Elk monitored temperature sensor 400 - 800 deg?

relay

Member
Hi there,

I am installing a wood burning insert into my fireplace shortly and that got me thinking about the posability of having my Elk M1 alerting me to an undfire or overfire condition in my stove. Basically, you want to keep a wood stove burning between 400 to 600 degrees for proper usage.
If the stove drops below the 300 degree range, then either your running low on wood or your not burning right and potentially creating dangerous creosote in your chimney. At 700 + you are getting dangerously close to overfiring the stove and have glowing red metal in your house. Neither is good. Since the stove has the ability to burn up to 12 hours on a load, it is unlikely that we will be watching it carefully for the entire time, especially overnight.

Does anyone know of a remote temp. sensor with the kind of range needed for this application? Wireless would be better as the fireplace is all brick and no easy way to run wire to it. it would need to be a physical contact sensor that could be place on the stove surface to monitor the temp.
I also have a Isy99i and Insteon infrastructure in place if there is anything in that world that might work.
I have several Insteon thermostats that can monitor room temp but that does not help too much.

Any ideas?

Thanks!
 
I have been thinking about woodstove monitoring too but I don't need wireless and won't be hooking to an Elk.
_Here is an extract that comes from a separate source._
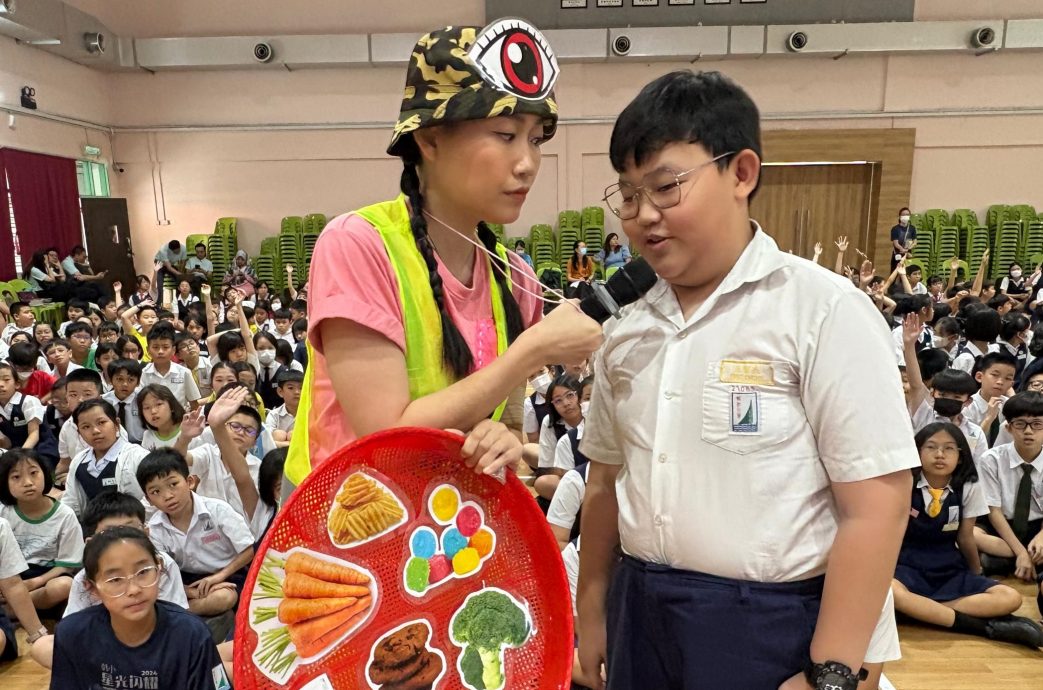 请签发（大北马封底）韩江小学热烈迎接“亮睛睛，看清清”护眼巡回活动　寓教于乐推广视力健康教育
For this temperature range thermocouples work well. Since the temperature accuracy needed is pretty loose things like cold junction temperature compensation are not really needed or could be very crude. A good,low offset op amp is about all that is needed if you have an analog input. I planned to roll my own.
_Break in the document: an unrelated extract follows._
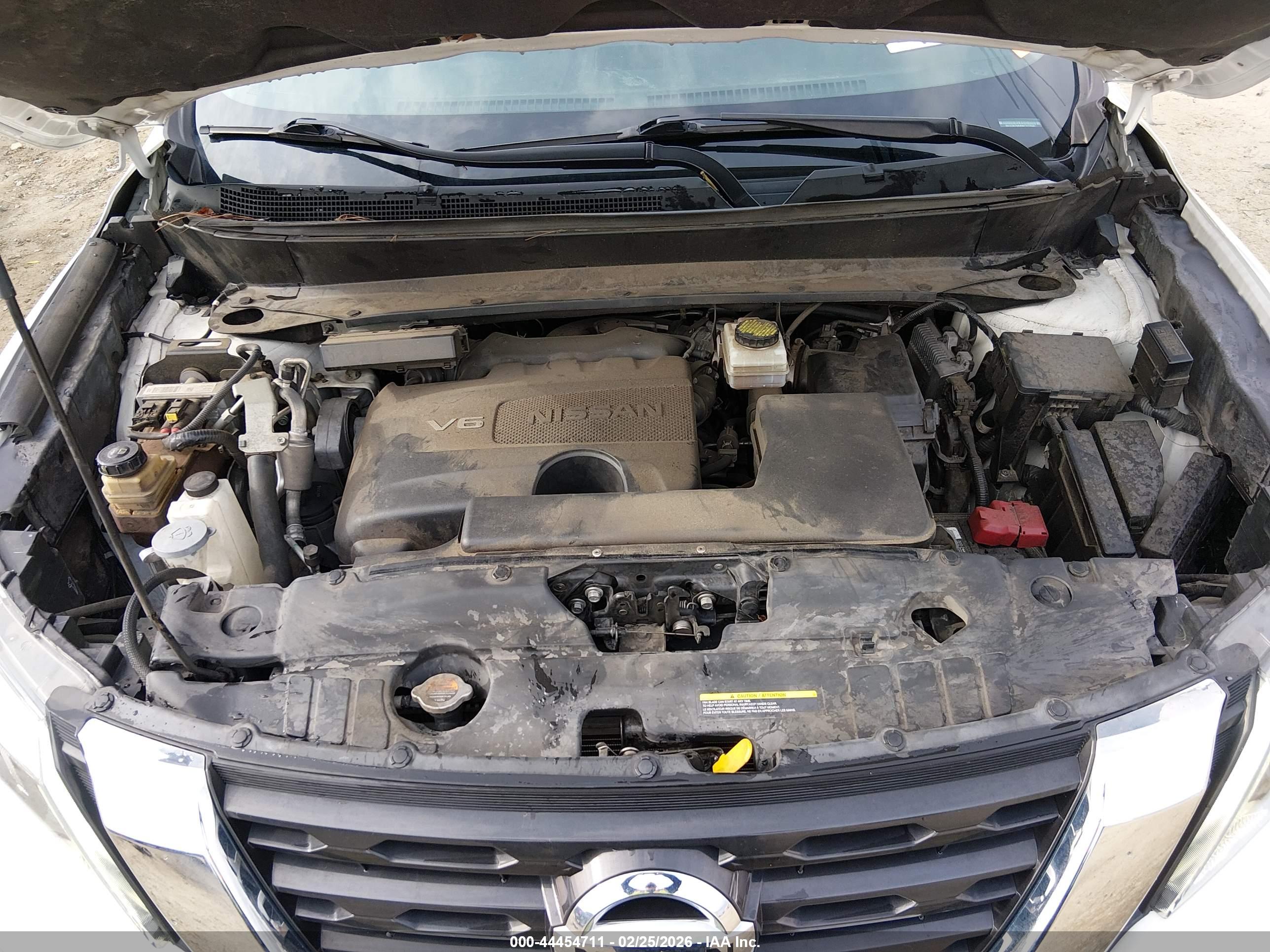 NISSAN PATHFINDER image 10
If you are so inclined Microchip has a good ap note:
http://ww1.microchip.com/downloads/en/AppNotes/00844a.pdf

Although I was thinking of using a diode for cold junction temp ...
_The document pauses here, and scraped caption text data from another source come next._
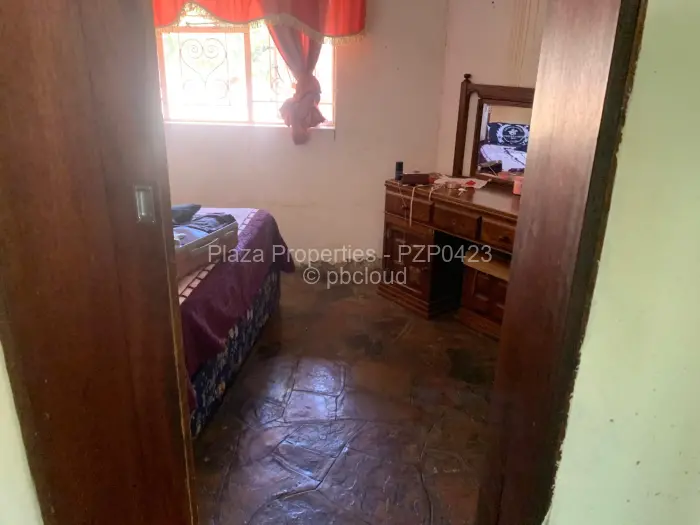 4 Bedroom House for Sale in Matsheumhlope, Bulawayo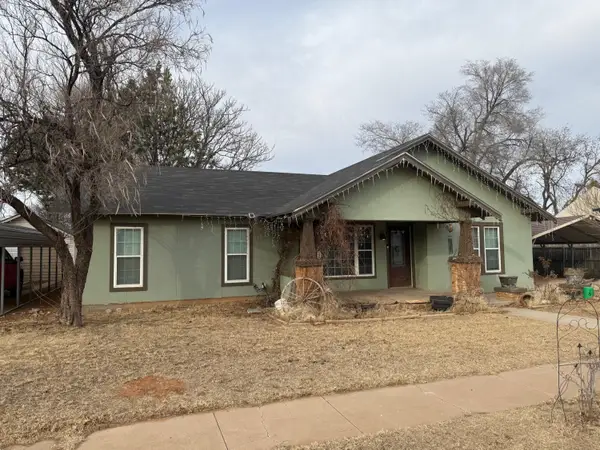 1916 N 3rd Street, Tahoka, TX 79373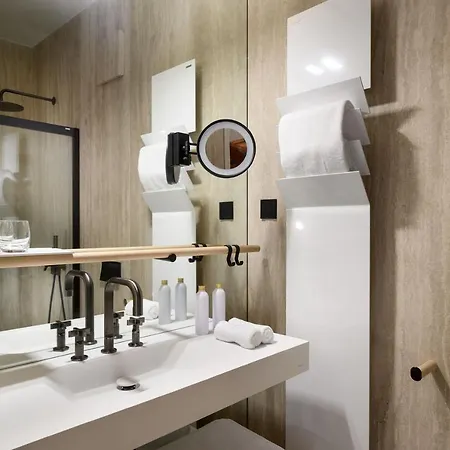 Отель Zlata Ladjica Boutique 5*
Woodstove season will be here before you know it!
 
It is difficult to mount a thermal couple temperature sensor in this situation. Where you installed it to may not really have the temperature you want to measure. If you could do some soldering, you may get an infraread receiver diode, like this one:
http://www.ebay.com/itm/140472964725
Hook it up to a transistor to amplify its output, then measure its value use an AD converter.
That is how most metal refineray do -- non contact temperature measuring.
 
Since the stove radiates heat, a standard sensor placed some distance away may be an easier solution than trying to mount the sensor directly on the stove.